What tips would you give to people to prevent the spread of COVID-19?
We need everyone to continue isolating, staying home when you can, avoiding large groups as the virus can spread easily. If you are out, wear a mask, stay 6 feet away from others and wash your hands often. We touch our face more than we think, this is why we stress washing hands.
How does a doctor treat a patient with COVID-19 through Tele-health?
We have been using our tele-health service to continue to see patients who are managing acute complaints, their chronic care and post operative visits. We have noted more people using this service due to wanting to avoid going to any onsite clinics. For COVID-19 itself, I recommend using video virtual care for a visit so the clinician can screen for symptoms of needing a higher level of care such as the ER. If testing is available and recommended, we can send for testing. We can also counsel people on treatment at home and what to watch out for. All of this can be done while the patient is at home
What symptoms of COVID-19 should people be aware of?
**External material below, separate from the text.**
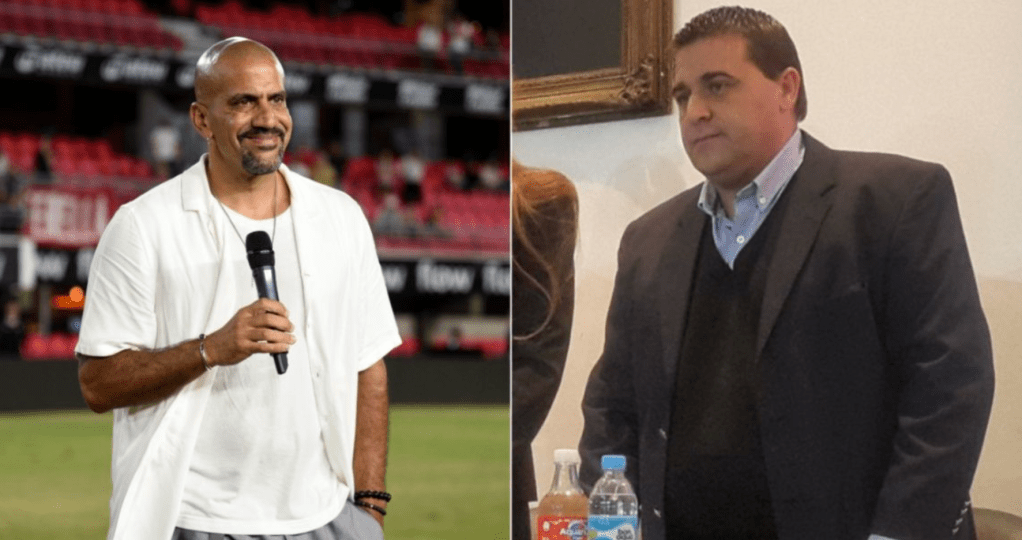 Verón redobló la tensión con Toviggino tras los cruces en redes y lo desafió: «Si hay valentía para tuitear, podés venir y&nbsp;buscarme»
Some of the symptoms to watch for are fever, dry cough, body aches, fatigue, loss of taste and smell, diarrhea, shortness of breath. We are seeing a lot of varied complaints that can be COVID-19 but these seem to be most common.
If I get tested and I’m positive for coronavirus, what will happen?
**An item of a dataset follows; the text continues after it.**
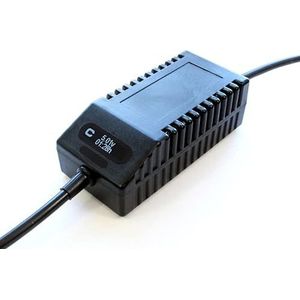 ColecoVision PSU OLED Digitaal Zwart EU - Vervangende voeding voor ColecoVision, EU-stekker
Most people can be treated from home with rest, fluids, symptomatic treatment with medications. It’s especially important to isolate and keep to a room with a bathroom if can and remember to rest. Many people feel sick for two weeks or longer so be patient and let your body heal.
Some people do get sicker and will need to go to the Emergency Department, it is important
We keep hearing how older Americans are the most affected by the coronavirus. But also those with underlying conditions. What are some of those underlying conditions?
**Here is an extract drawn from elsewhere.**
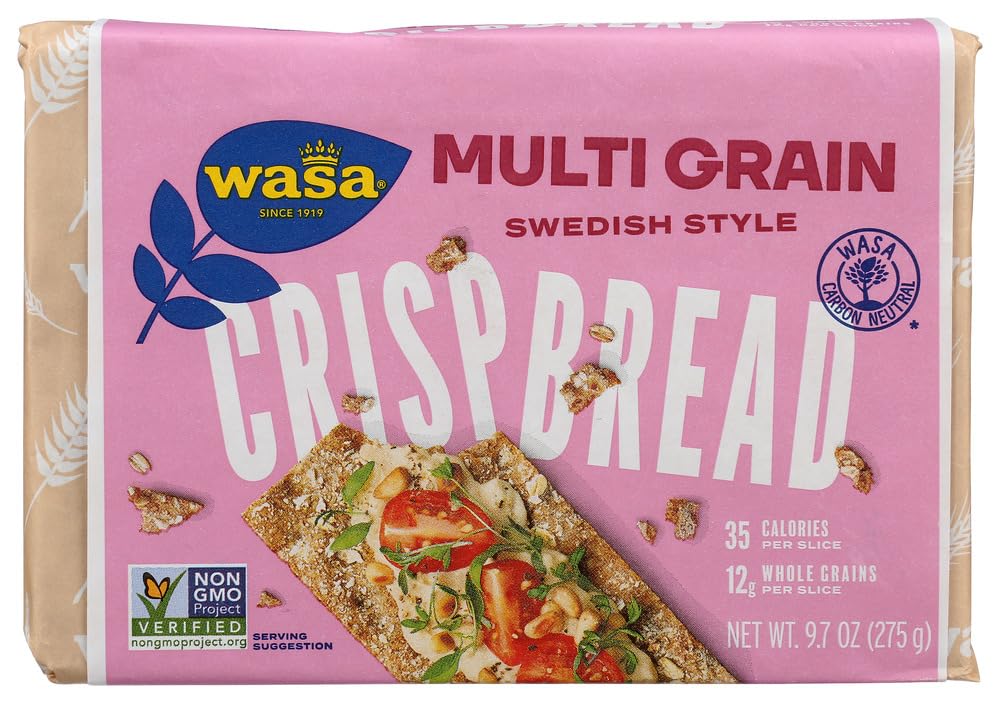 Product image of Wasa Multi Grain Whole Grain Crispbread 9.7 oz 9.7 oz Pack of 3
Some of these conditions are those who are immunosuppressed, whether from a disease or medications such as chemotherapy. Also those with chronic lung disease are also at higher risk.
What steps should I take if I feel like I might have COVID-19?
Take your temperature, heart rate and if have the device, your oxygen saturation level. If are not short of breath or have chest pain, you can stay home in an isolated room, rest, drink fluids and watch for any worsening symptoms. If you are in a high risk group, find out if testing is available in your area. In some areas with low testing capacity, everyone is being treated as COVID-19 with symptoms.
Briefly describe your new behavior with patients that differs from before COVID-19?
We are making the assumption that most people in the community have COVID-19 if they have symptoms so we are giving everyone the instructions on isolation. For treatment, we try to have patients avoid in person care unless absolutely necessary. Being able to convert a number of patients to tele-health visits has allowed us to offer medical care without exposing patients and clinicians to the virus.
Do you see any Silver Linings in what we learn from COVID-19? If so, can you name some?
This pandemic has made it clear that we have gaps in our healthcare system and it will make it paramount to understand how to combat some of these issues. It also has made tele-health a viable and crucial component of healthcare delivery; we will see this continue and am looking forward to offering more of these services and trying to ensure health equity.